Directions
From the line containing "An Introduction to" through the last line of the records below, output every line exactly, both ends included, except the pictures.

Data for the task Start Marker

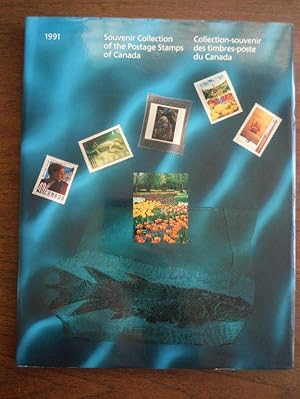 Image du vendeur pour Souvenir Collection of the Postage Stamps of Canada -- 1991 mis en vente par Imperial Books and Collectibles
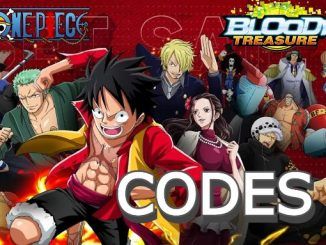 Bloody Treasure Codes Gift Code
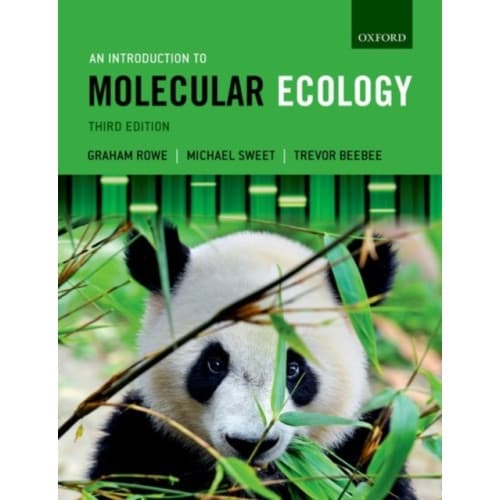 An Introduction to Molecular Ecology (häftad, eng)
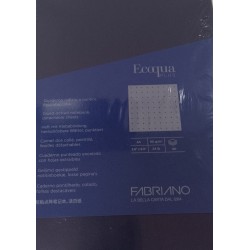 Notebook QUADERNO A5 Glued POINTILLE Ecoqua FABRIANO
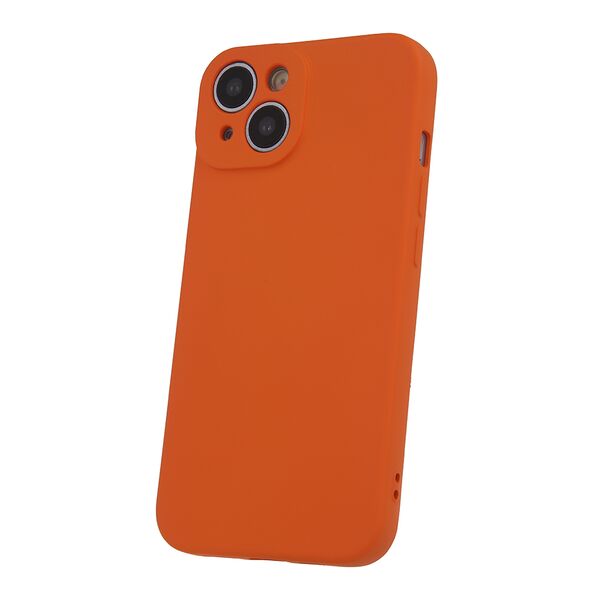 Silicon case for Xiaomi Redmi 13c 4G orange 5907457756564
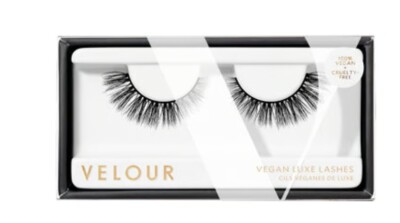 Velour Vegan Mink Luxe Lashes in Whisp me away NIB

Data for the task End Marker

Response
 An Introduction to Molecular Ecology (häftad, eng)
 Notebook QUADERNO A5 Glued POINTILLE Ecoqua FABRIANO
 Silicon case for Xiaomi Redmi 13c 4G orange 5907457756564
 Velour Vegan Mink Luxe Lashes in Whisp me away NIB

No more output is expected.